自殺、を思ったことはないのですか? 「それはないです。あわてなくても、いずれみんな必ず死にますから。あせる必要ない」


 障害のある人たちのありようは社会を映す鏡だ。彼らを片隅に追いやる社会は、もろく、貧しい。困難におしつぶされず、人生をきりひらき、社会を変革しようとする人々がいる。たずね歩きながら私は思った。生きるって、なんだろう?


 引用部分はどうも文章全体の雰囲気とはずれますが。


 このシリーズを担当されたのは生井久美子さんとのこと。何の気なしに検索したら、こうしたテーマで何冊か書かれているんですね。
 障害者を何かしらただ偉い人として祭り上げる(同時にそれによって「普通じゃない人」として疎外する)のでもなく、もちろん馬鹿にするのでもなく、淡々と書かれている視点はこれまでの取材と執筆の経験から培われているのかもしれないといま思いました。

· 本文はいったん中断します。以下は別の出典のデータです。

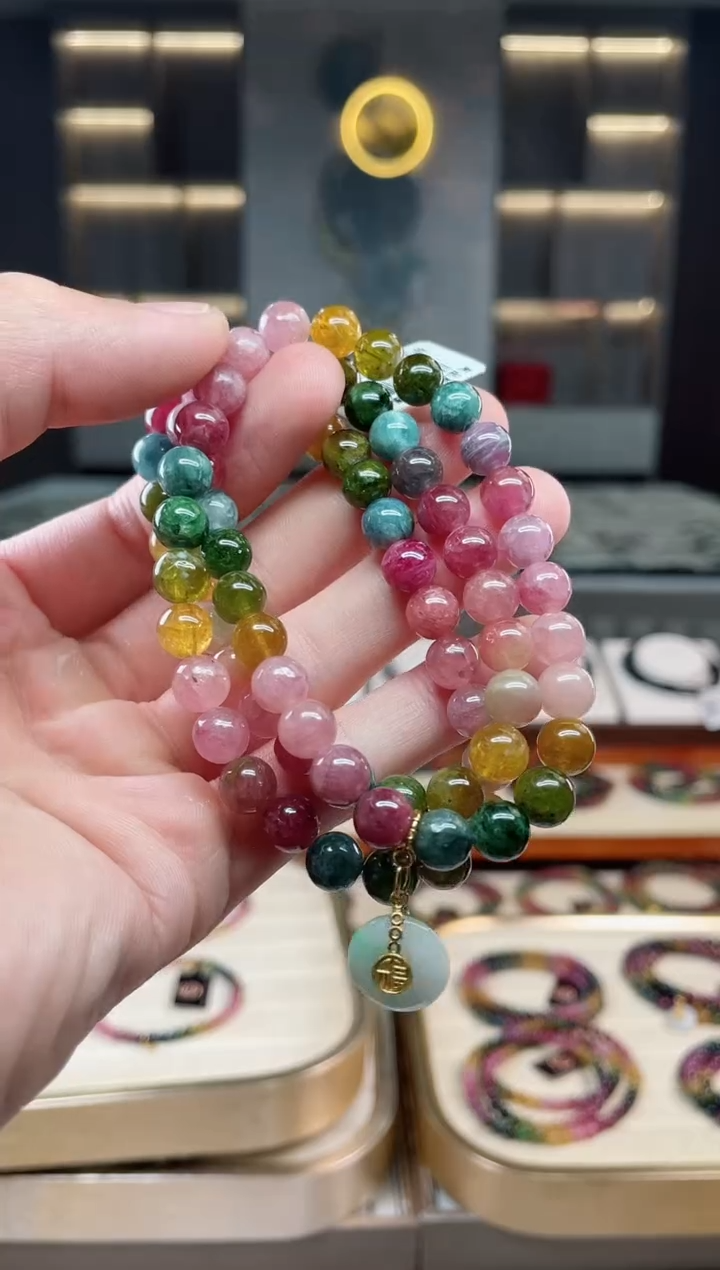未镶嵌老矿碧玺彩虹三圈手串7mm+碧玺多样性发一条xion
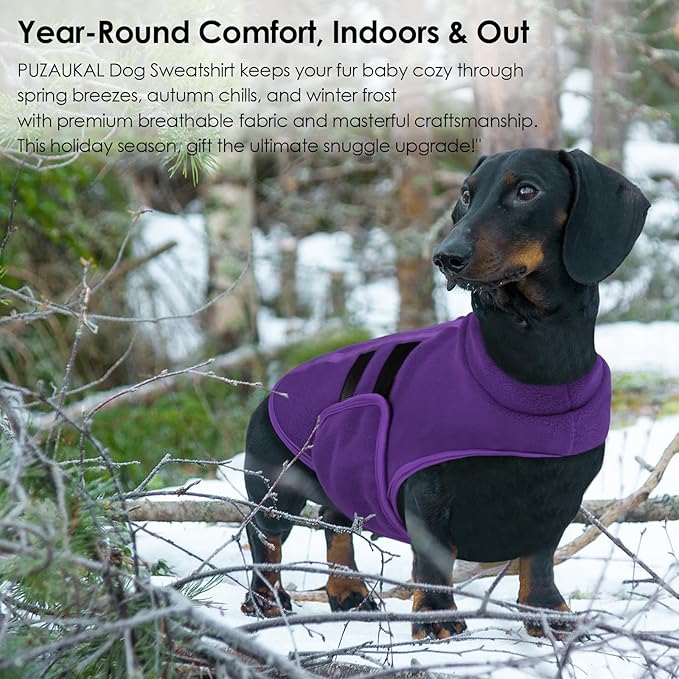 Dog Sweater,Adjustable Dog Sweaters for Small, Medium and Large Dogs Boys Girls, Dachshund Chihuahua Fleece Dogs Sweater(Purple,XL)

 「校長先生のいいお話」とかそういう味わいではなくて、単純にそれぞれの人の生活や経緯、やってきたこと、ちょっとしたエピソードを興味深く読ませていただきました。


 新聞の連載は媒体の特性もあって、連載が終わればそのまま忘れ去られていくものが大部分なのでしょうけど、このシリーズのことは書きとめておきたいと思っていました。

 本当は連載中に書いておきたかったのですが。